Le procès Steinmetz (2eme volet): 250 lourds classeurs de procédure

À l’ouverture du procès en appel du milliardaire Beny Steinmetz, le procureur Yves Bertossa assure qu’il n’existe pas d’autres affaires internationales bénéficiant d’autant preuves de corruption. « Il ne manque que la vidéo montrant la mallette contenant du cash », ajoute le magistrat.  La procédure, malgré tout, occupe quelques 250 classeurs.         

Par Ian Hamel, à Genève

A combien de reprises le nom de Mamadie Touré va-t-il être prononcé dans la salle A3 du palais de justice de Genève entre le lundi 29 août et le mercredi 7 septembre ? Cette jeune femme – qui n’est peut-être plus si jeune que cela – est au cœur de cette affaire qui occupe la justice du canton de Genève depuis près d’une décennie. Selon l’accusation, Beny Steinmetz aurait versé entre 2006 et 2012, 8,5 millions de dollars en pots-de-vin à Mamadie Touré, la quatrième épouse du général Lansana Conté afin d’obtenir des droits d’exploitation sur les gisements de fer de Simandou.

Sur les frêles épaules de Mamadie Touré  

Le problème, c’est que cette dame, qui vit aux Etats-Unis, ne viendra pas témoigner sur les bords du lac Léman. En première instance, en janvier 2021, la veuve de l’ancien président guinéen n’avait déjà pas entrepris le déplacement.        

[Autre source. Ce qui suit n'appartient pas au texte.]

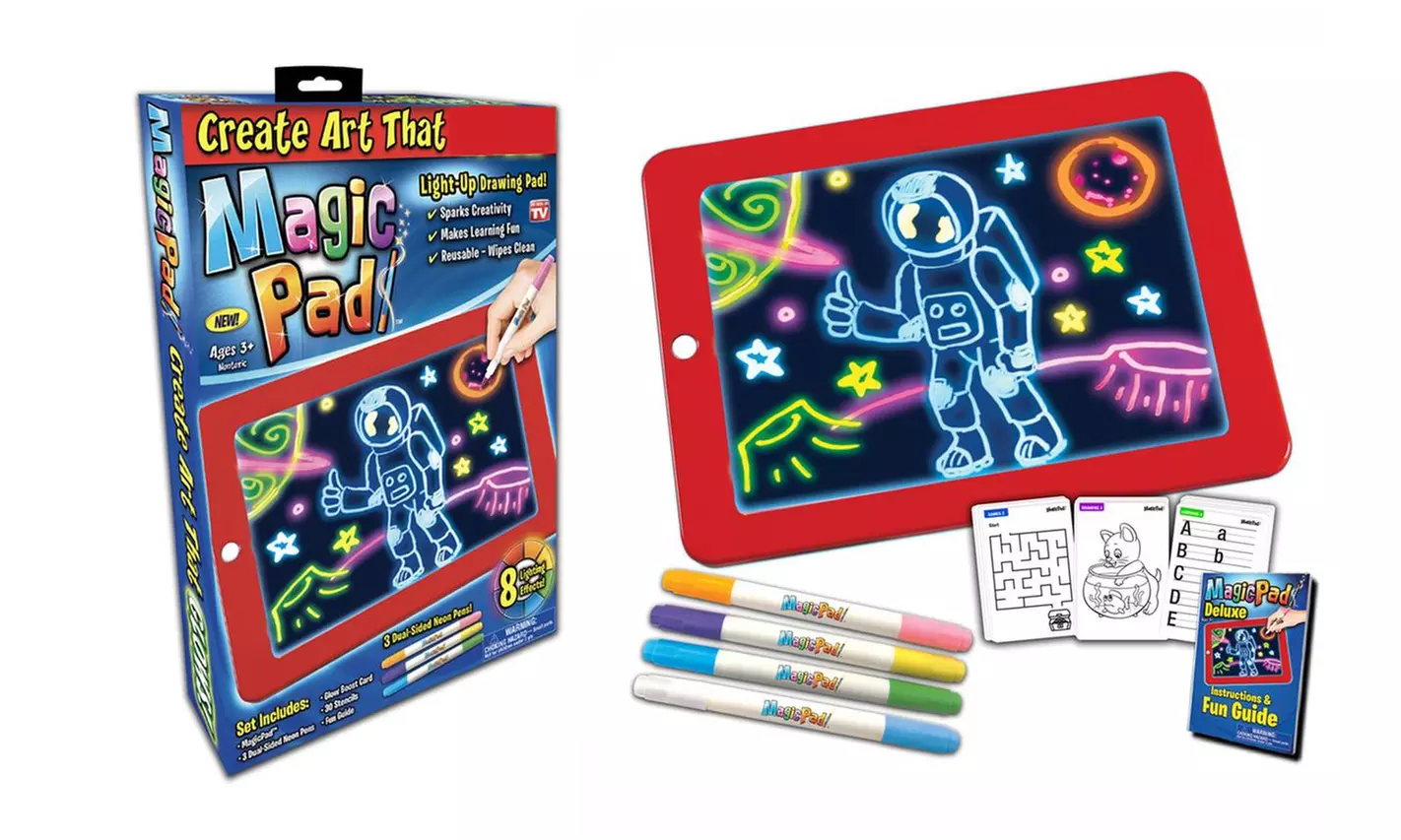 Magic Pad Light Up LED Board Draw Sketch Create Doodle Art Write Learning Tablet - Primary Image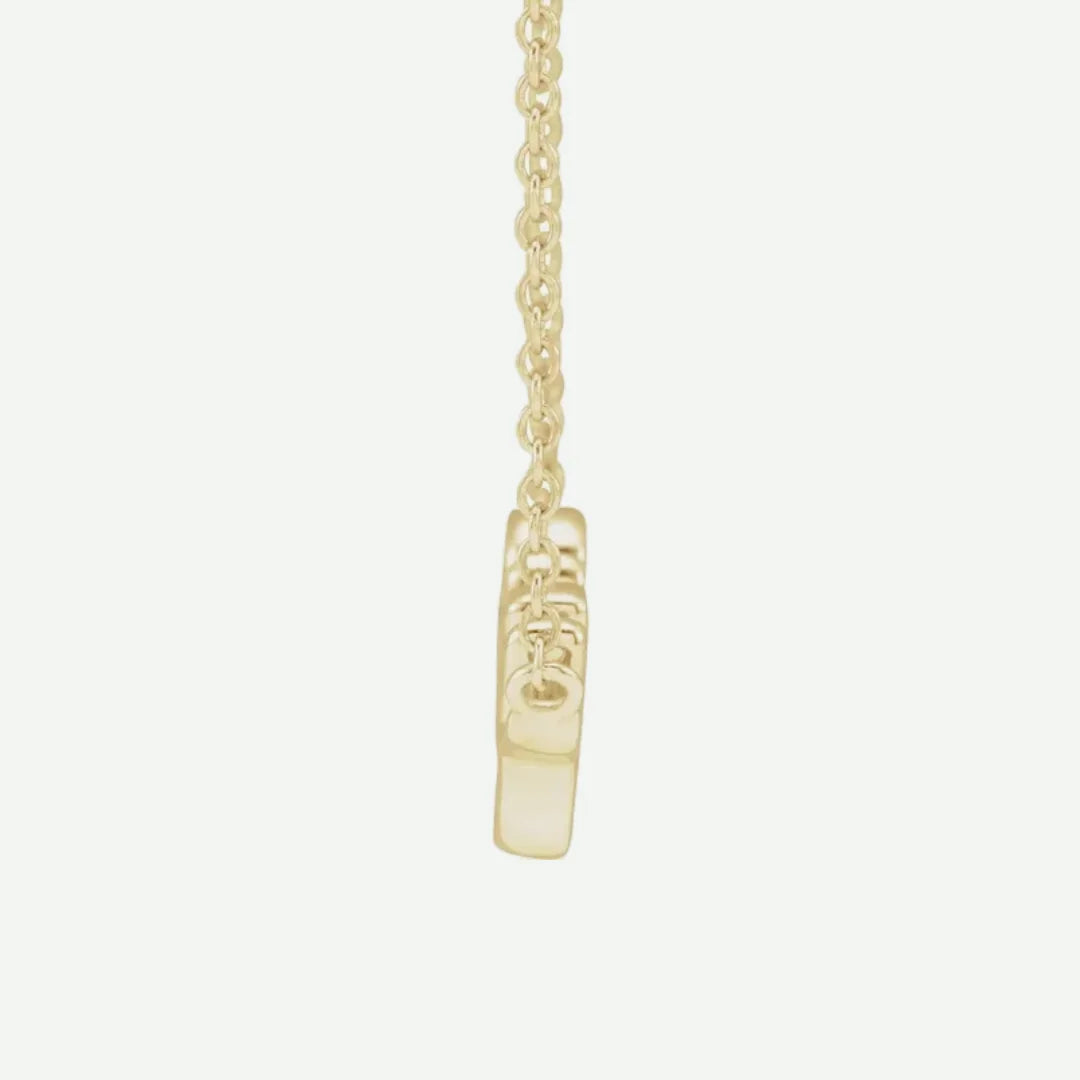 Side View of Yellow Gold PRAY Christian Necklace For Women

Interrogée par le FBI, Mamadie Touré, qui bénéfice d’un statut de témoin protégé,  a reconnu qu’elle avait bien reçu de l’argent de la part d’agents intervenant au nom de la Beny Steinmetz Group Resources (BDGR), notamment via un Français, Frédéric Cilins, également sur le banc des accusés. Ce dernier a été condamné à trois ans et six mois l’année dernière (Beny Steinmetz ayant écopé de cinq ans), tous les deux pour « corruption d’agents publics étrangers ».Le site de l’ONG Public Eye retranscrit une conversation édifiante entre Frédéric Cilins et Mamadie Touré. Évoquant des documents compromettants, il déclare à l’ancienne épouse du président guinéen : « Il faut trouver un endroit pour les suppr, pour les détruire, les détruire complètement, les brûler […] Tout ce que je te dis c’est directement de Beny […] Si tu leur dis oui j’ai touché […], tu as un très gros problème, pas un petit problème, un très gros problème ».            

Femme ou maitresse?                                                                                                                         

Le problème, le vrai, c’est qu’à la demande du FBI, Mamadie Touré portait un micro. Pour le procureur Yves Bertossa (fils de l’ancien procureur général Bernard Bertossa), c’est tout simplement « un cas d’école en matière de corruption ». En plus de 8,5 millions de dollars versés sur ses comptes via des montages et des sociétés-écrans, Mamadie Touré aurait perçu deux millions de dollars en cash, reconnaît-elle.

Seulement voilà, de son côté la défense de Beny Steinmetz assure que d’une part, Mamadie Touré n’était pas l’épouse de Lansana Conté, mais une vulgaire maîtresse. Il n’y avait donc aucune raison de lui verser des sous. D’autre part, Beny Steinmetz n’est pas le patron de son groupe… mais un simple « conseiller » de BSGR. Il est donc  totalement étranger à cette affaire. Selon un document de quinze pages distribué par la défense du milliardaire franco-israélien, le FBI aurait offert l’impunité à Mamadie Touré « si elle aide à confondre non seulement Cilins, mais celui que Confé/Soros avaient dans le viseur dès le départ : BS ». Et d’ajouter : « Au vu du contexte dans lequel Mamadie Touré témoigne à charge contre BSGR et BS, ses déclarations n’ont donc aucune valeur probante ».

Le départ de l’avocat Marc Bonnant 

En appel, la défense va-t-elle une nouvelle fois prétendre que Mamadie Touré n’était pas marié à l’ancien président Lanasana Conté, et que Beny Steinmetz n’est qu’un modeste conseiller de BSGR, sans pouvoir de décision ? Des arguments qui n’avaient guère porté chance au milliardaire en première instance. D’ailleurs, Marc Bonnant, l’avocat historique, n’est plus dans la course.

Son nom apparaissait pourtant dans la fondation liechtensteinoise Balda, qui détient la fortune de Beny Steinmetz. « J’ai échoué […] Peut-être ne fallait-il pas plaider comme ça. Peut-être faut-il être plus calme, moins rugueux, plus rétif à s’en prendre aux juges : C’était peut-être trop violent, trop personnel », reconnaît le ténor du barreau genevois dans La Tribune de Genève de lundi. Costume bleu, chemise blanche, mince, de taille moyenne, l’homme d’affaires a tenu à se montrer le plus discret possible pour cette première journée.